═════ RECORDS FOR THE EXERCISE ═════

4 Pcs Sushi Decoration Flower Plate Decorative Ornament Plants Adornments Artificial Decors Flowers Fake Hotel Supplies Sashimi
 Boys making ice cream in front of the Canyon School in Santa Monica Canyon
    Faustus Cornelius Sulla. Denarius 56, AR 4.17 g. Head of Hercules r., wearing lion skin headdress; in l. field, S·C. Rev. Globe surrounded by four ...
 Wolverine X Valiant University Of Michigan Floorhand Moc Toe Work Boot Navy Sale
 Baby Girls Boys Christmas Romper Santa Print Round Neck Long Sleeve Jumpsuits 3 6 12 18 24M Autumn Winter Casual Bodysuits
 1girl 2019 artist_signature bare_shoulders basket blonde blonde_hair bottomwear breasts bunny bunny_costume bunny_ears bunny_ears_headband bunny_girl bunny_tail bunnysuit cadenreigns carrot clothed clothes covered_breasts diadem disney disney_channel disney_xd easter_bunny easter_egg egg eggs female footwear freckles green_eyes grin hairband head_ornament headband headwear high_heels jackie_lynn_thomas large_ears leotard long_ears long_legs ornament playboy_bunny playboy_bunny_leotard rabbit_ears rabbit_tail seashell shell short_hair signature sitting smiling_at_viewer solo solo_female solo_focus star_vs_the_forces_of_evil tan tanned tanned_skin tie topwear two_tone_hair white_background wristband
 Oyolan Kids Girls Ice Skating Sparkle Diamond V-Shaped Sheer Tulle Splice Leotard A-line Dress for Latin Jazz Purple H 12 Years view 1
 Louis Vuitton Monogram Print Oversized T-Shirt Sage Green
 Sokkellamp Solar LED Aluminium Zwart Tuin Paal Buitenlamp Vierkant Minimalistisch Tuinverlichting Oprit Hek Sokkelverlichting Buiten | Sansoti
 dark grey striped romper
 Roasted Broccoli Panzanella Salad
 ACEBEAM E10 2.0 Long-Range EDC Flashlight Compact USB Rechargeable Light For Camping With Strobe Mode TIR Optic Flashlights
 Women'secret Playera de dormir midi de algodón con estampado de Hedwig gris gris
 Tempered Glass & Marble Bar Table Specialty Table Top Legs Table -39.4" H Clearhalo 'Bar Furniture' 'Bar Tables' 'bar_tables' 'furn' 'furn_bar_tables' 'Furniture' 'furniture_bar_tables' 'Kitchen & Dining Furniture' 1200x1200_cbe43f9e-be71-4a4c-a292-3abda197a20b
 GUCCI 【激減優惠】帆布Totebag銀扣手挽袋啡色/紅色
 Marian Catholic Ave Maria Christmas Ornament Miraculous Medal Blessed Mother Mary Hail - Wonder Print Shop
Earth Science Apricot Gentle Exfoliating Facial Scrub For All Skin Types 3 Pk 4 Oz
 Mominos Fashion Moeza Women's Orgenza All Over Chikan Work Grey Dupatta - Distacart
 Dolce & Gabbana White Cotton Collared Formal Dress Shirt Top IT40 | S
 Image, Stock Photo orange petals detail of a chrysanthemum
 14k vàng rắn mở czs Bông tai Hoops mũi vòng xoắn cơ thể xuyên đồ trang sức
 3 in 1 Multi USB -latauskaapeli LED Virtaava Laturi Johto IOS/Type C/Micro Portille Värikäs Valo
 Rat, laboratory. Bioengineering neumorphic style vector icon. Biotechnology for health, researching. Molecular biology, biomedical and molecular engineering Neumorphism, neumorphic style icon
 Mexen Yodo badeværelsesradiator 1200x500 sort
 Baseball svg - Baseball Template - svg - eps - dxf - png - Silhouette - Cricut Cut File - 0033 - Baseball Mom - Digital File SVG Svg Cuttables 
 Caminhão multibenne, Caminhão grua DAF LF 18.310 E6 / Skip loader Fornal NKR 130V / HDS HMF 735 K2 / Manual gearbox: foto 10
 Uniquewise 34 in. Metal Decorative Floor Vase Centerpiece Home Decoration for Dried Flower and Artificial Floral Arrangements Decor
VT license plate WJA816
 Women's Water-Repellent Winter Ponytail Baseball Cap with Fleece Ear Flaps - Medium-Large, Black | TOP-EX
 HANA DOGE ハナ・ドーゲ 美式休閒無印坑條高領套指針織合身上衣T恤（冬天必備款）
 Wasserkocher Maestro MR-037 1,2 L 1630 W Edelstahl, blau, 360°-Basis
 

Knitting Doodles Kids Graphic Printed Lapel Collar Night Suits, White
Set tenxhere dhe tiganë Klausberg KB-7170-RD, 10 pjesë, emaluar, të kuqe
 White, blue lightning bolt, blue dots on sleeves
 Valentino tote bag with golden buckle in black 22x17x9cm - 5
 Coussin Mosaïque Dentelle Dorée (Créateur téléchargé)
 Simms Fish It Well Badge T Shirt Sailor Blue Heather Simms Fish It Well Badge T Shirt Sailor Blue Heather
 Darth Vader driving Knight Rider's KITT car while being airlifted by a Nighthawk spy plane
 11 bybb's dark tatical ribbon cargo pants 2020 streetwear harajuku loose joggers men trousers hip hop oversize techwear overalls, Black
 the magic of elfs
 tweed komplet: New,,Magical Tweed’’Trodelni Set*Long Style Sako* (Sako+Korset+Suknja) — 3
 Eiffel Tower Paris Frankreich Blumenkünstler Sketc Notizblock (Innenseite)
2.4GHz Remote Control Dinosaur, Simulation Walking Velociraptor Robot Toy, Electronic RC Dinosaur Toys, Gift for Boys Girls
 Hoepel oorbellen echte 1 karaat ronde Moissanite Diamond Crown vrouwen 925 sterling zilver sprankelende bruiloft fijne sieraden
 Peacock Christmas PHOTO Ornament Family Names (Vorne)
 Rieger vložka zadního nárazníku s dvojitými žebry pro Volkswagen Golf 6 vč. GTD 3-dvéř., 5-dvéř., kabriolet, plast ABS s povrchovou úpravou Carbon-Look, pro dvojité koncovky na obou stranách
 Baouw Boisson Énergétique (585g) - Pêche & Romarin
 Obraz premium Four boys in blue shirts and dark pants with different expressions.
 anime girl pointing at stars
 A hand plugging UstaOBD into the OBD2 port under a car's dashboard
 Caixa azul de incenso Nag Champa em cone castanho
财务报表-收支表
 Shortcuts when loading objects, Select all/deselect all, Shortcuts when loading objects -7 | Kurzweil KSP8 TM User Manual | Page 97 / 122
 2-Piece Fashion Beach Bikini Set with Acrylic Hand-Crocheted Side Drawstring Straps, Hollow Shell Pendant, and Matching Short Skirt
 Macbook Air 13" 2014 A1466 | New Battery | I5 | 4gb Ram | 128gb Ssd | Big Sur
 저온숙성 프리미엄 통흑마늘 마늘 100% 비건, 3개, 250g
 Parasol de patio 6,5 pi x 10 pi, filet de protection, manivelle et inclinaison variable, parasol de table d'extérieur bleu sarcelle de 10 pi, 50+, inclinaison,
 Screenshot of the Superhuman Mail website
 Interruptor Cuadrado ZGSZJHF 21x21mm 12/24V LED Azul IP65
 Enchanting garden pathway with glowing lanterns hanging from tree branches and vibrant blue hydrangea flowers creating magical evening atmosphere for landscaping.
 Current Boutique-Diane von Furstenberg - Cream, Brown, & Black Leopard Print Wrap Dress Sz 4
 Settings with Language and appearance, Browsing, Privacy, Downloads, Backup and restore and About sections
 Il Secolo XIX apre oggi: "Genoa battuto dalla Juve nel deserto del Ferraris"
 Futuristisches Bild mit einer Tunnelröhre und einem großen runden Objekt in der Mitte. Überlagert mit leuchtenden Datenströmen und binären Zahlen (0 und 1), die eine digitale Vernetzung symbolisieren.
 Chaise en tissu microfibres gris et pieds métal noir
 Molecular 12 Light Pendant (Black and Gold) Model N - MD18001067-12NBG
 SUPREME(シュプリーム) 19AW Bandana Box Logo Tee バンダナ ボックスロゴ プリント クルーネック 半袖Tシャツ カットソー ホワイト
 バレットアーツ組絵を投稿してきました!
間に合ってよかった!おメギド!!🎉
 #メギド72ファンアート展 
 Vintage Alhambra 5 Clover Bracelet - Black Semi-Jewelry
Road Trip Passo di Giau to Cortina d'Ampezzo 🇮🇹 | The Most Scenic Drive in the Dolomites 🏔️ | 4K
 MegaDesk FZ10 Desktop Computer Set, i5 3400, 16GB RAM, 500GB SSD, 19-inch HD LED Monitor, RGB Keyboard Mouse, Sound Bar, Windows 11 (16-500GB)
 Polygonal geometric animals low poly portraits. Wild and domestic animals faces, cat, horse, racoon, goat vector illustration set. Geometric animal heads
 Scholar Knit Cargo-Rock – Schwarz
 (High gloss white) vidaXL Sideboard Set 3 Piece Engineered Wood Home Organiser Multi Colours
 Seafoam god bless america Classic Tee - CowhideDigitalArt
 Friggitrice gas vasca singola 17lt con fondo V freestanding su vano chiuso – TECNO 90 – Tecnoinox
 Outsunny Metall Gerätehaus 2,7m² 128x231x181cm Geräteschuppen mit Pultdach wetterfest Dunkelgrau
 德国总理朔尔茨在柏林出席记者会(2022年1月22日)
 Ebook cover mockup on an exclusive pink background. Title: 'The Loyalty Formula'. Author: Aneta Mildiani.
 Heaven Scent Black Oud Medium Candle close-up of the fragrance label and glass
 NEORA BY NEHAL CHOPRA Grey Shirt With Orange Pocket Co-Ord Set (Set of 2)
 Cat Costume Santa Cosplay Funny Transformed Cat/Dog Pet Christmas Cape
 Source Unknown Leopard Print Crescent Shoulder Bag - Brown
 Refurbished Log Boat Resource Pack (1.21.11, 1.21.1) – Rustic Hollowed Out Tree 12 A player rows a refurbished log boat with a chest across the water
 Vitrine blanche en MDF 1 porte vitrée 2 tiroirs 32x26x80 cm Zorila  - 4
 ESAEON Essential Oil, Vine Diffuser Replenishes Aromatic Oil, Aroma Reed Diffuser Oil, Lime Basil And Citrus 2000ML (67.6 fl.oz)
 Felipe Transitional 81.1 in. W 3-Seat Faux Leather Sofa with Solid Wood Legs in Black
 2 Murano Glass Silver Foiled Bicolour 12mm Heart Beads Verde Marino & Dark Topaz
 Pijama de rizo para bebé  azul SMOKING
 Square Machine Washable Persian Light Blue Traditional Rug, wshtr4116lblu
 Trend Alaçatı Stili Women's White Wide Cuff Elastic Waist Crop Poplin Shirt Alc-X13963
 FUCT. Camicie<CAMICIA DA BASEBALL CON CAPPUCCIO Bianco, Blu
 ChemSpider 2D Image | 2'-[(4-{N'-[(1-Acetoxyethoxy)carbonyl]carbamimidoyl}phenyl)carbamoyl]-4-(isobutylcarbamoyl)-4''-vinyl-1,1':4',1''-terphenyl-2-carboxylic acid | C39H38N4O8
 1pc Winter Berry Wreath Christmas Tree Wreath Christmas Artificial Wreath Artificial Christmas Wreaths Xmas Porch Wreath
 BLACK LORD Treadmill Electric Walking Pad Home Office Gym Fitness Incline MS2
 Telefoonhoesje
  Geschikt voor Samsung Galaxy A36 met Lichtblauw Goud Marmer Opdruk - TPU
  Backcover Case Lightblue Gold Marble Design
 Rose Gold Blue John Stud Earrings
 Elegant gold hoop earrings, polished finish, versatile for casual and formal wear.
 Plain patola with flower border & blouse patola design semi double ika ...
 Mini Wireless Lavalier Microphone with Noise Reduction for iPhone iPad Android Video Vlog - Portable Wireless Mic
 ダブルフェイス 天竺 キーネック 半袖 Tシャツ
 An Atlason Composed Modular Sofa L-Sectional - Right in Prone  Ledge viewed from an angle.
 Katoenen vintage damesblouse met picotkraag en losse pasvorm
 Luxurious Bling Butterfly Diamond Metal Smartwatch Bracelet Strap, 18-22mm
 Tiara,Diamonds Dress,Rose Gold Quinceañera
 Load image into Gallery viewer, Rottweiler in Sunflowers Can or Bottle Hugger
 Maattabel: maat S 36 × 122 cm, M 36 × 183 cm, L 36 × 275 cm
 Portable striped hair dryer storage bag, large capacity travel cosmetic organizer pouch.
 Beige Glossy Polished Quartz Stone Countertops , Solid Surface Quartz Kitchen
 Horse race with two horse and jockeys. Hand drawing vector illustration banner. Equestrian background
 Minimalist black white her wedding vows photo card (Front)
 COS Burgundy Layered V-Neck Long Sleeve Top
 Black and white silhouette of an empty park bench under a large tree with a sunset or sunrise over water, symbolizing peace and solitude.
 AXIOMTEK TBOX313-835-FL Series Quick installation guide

═════

The answer must consist of every line above that holds the string "Sofa", copied exactly.

» THE ANSWER
 Felipe Transitional 81.1 in. W 3-Seat Faux Leather Sofa with Solid Wood Legs in Black
 An Atlason Composed Modular Sofa L-Sectional - Right in Prone  Ledge viewed from an angle.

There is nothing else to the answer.